• Task item: From the line with "CN AS3828 Mini" to the line with "Nouveau design Jupe", retype each line exactly as it stands in the records below, but skip the pictures.

Stored data entries
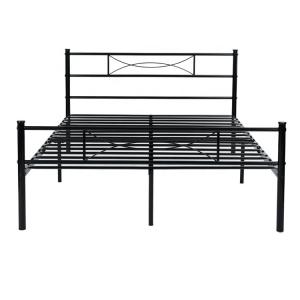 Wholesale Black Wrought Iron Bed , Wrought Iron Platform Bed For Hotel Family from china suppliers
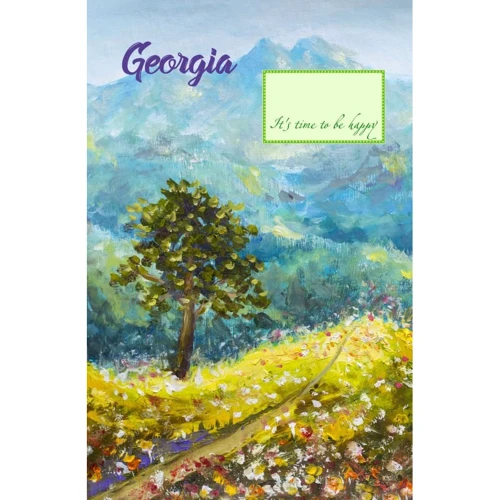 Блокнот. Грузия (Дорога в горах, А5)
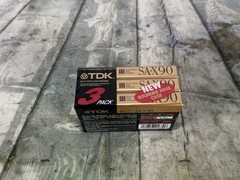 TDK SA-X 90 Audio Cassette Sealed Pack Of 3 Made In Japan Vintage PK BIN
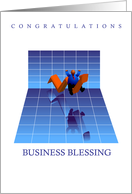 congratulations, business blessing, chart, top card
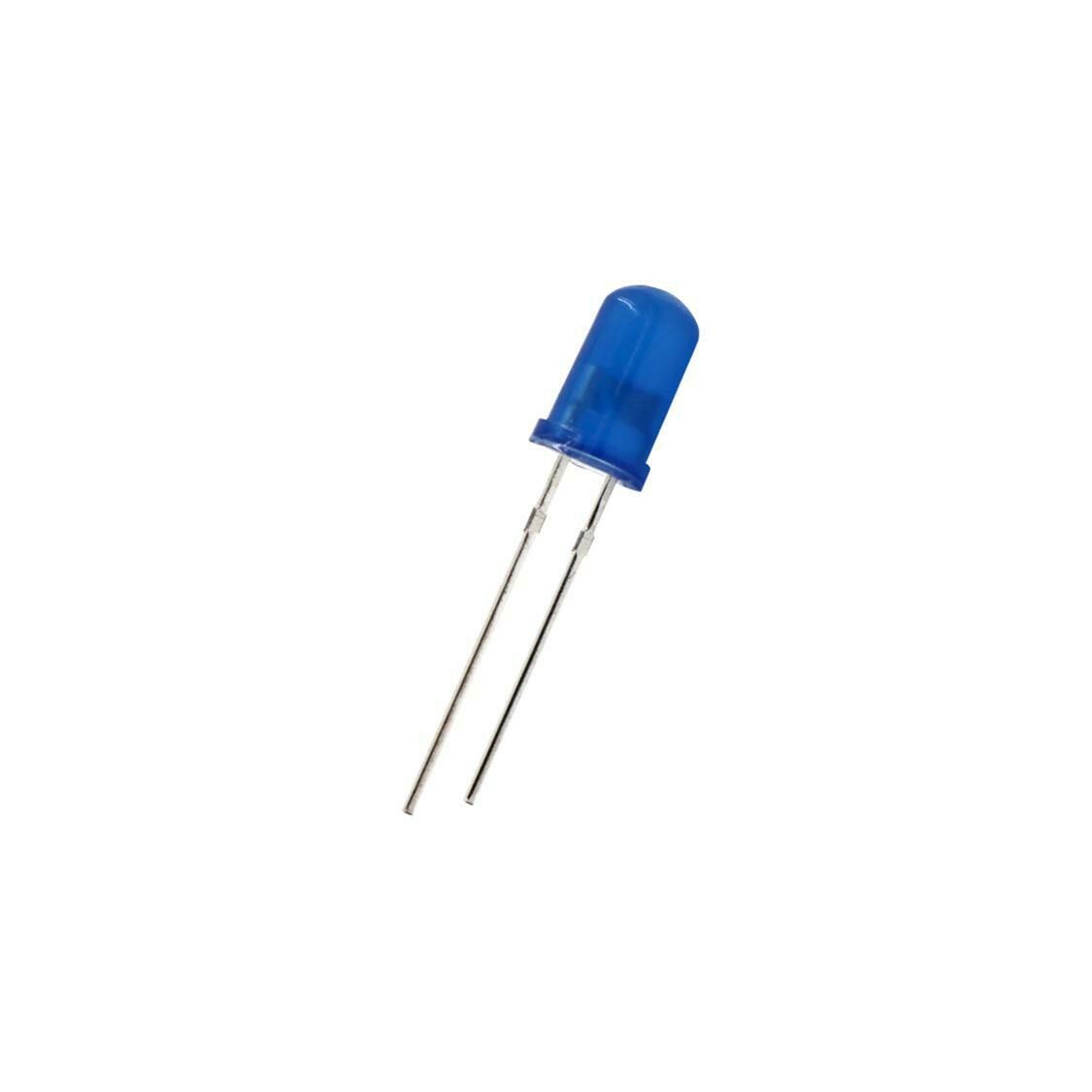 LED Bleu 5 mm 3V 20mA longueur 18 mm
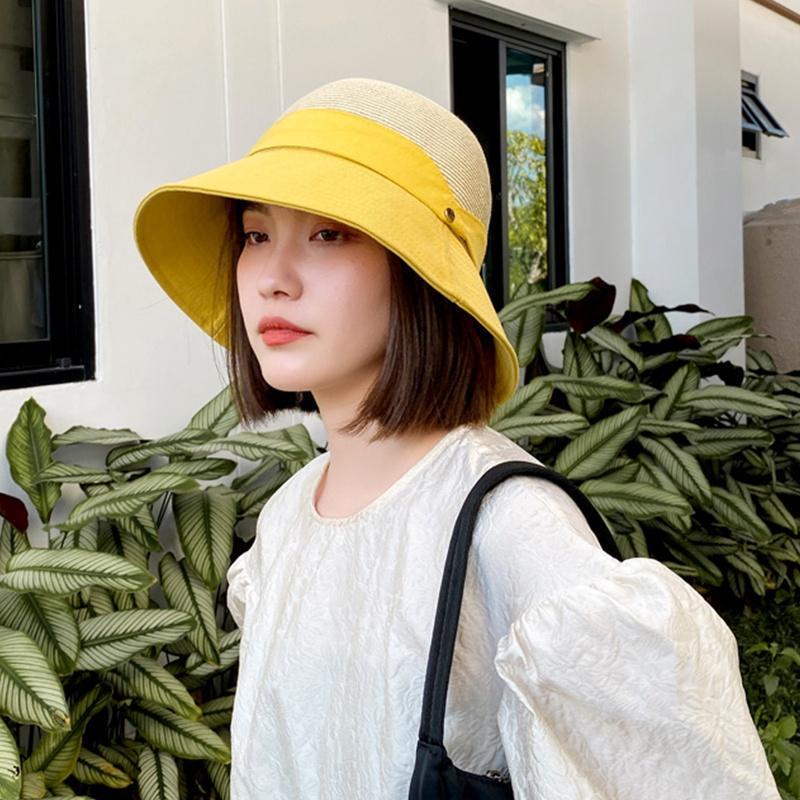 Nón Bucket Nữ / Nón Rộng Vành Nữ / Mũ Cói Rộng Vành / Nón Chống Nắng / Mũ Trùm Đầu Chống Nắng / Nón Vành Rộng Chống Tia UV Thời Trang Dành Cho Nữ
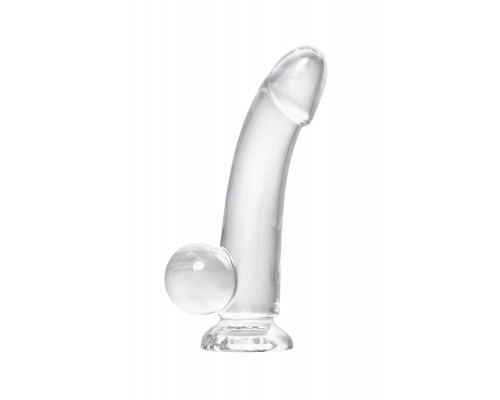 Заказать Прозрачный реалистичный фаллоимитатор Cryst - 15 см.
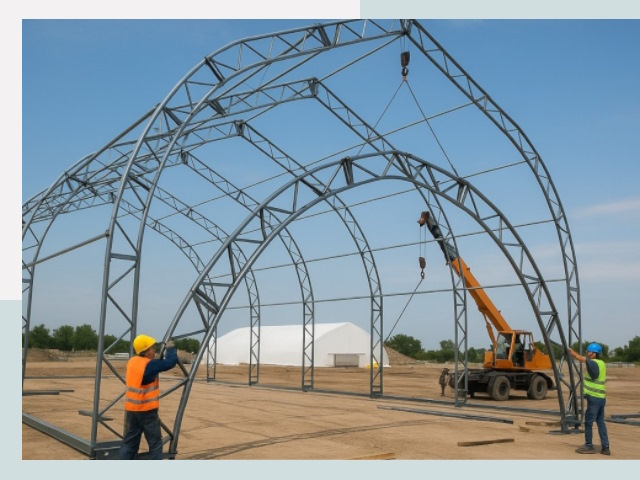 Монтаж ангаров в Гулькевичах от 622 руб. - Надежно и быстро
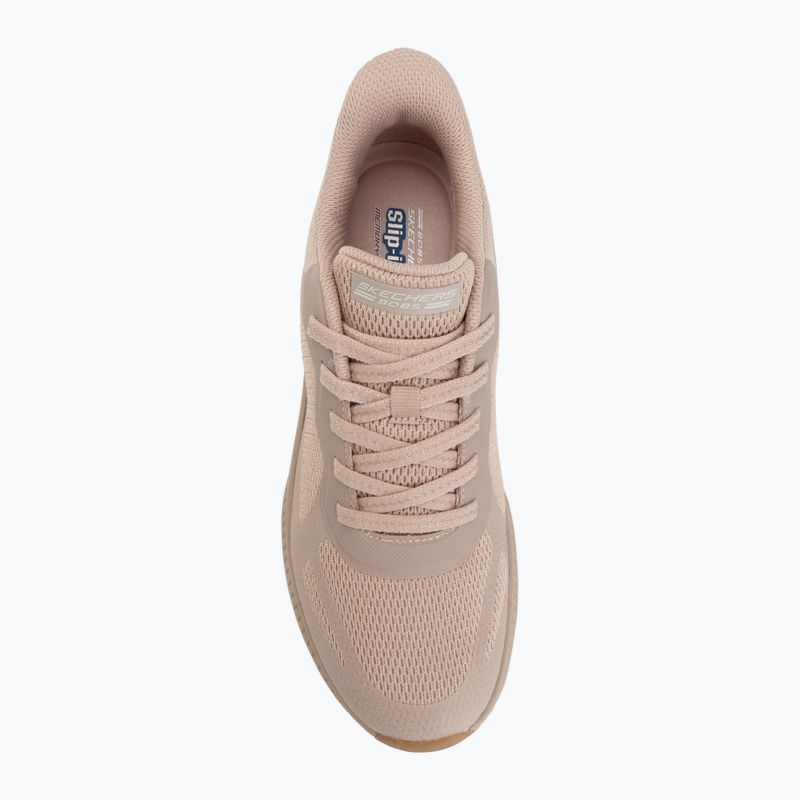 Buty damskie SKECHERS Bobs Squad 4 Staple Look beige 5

---

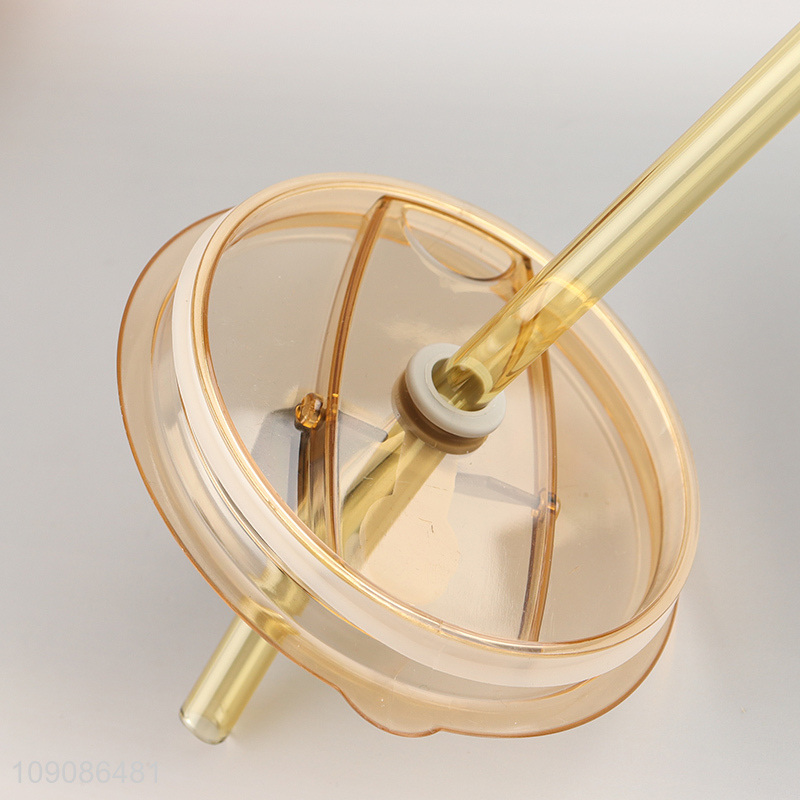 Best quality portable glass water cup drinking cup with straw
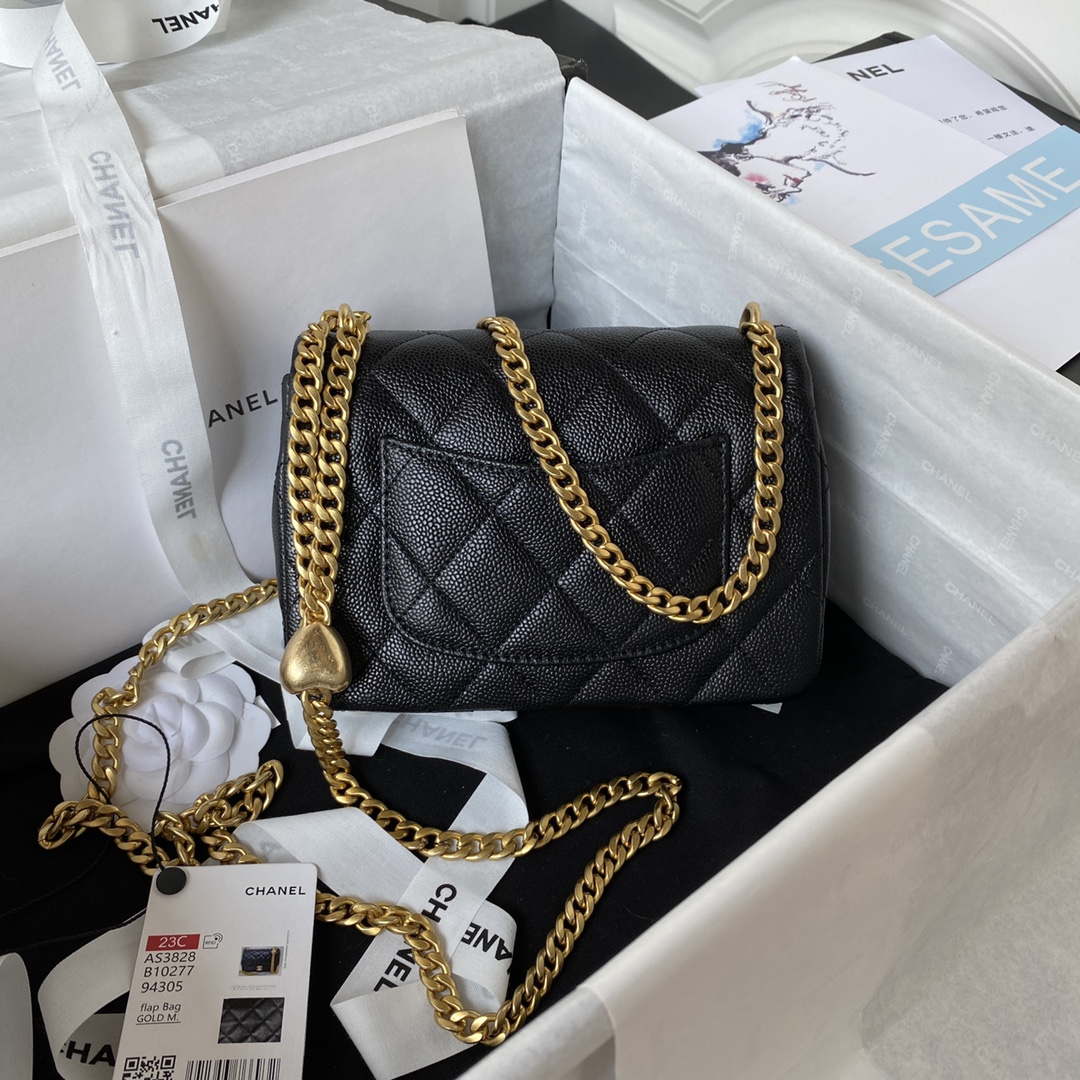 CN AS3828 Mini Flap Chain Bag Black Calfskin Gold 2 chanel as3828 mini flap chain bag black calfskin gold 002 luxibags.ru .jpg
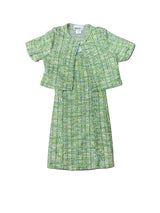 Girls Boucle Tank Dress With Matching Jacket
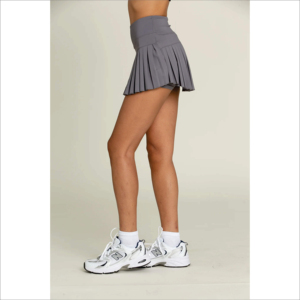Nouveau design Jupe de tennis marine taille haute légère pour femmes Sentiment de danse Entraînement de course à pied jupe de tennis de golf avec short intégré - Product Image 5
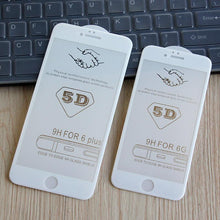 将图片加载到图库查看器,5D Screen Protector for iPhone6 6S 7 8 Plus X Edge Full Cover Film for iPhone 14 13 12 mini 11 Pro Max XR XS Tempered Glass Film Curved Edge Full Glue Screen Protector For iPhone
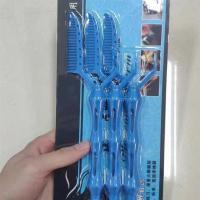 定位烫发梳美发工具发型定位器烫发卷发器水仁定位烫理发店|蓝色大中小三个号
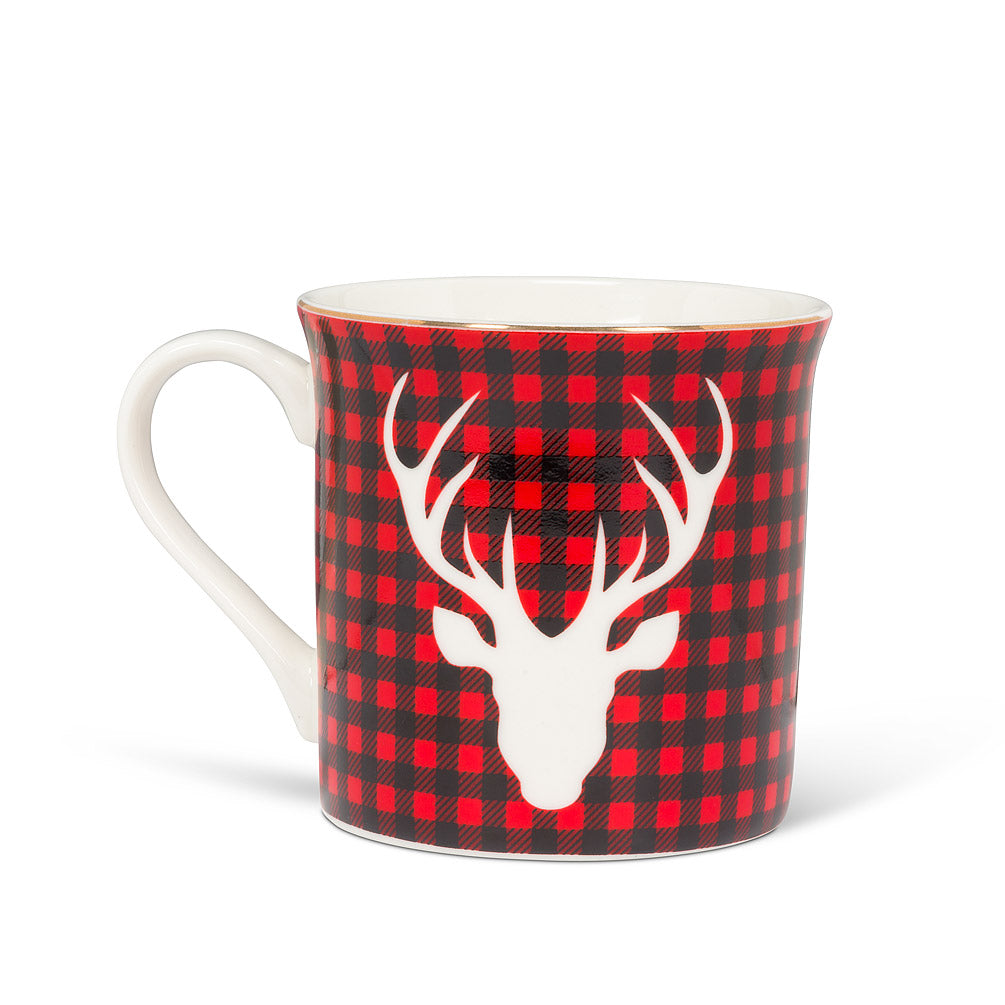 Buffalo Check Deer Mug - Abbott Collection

• Answer below:
 CN AS3828 Mini Flap Chain Bag Black Calfskin Gold 2 chanel as3828 mini flap chain bag black calfskin gold 002 luxibags.ru .jpg
 Girls Boucle Tank Dress With Matching Jacket
Nouveau design Jupe de tennis marine taille haute légère pour femmes Sentiment de danse Entraînement de course à pied jupe de tennis de golf avec short intégré - Product Image 5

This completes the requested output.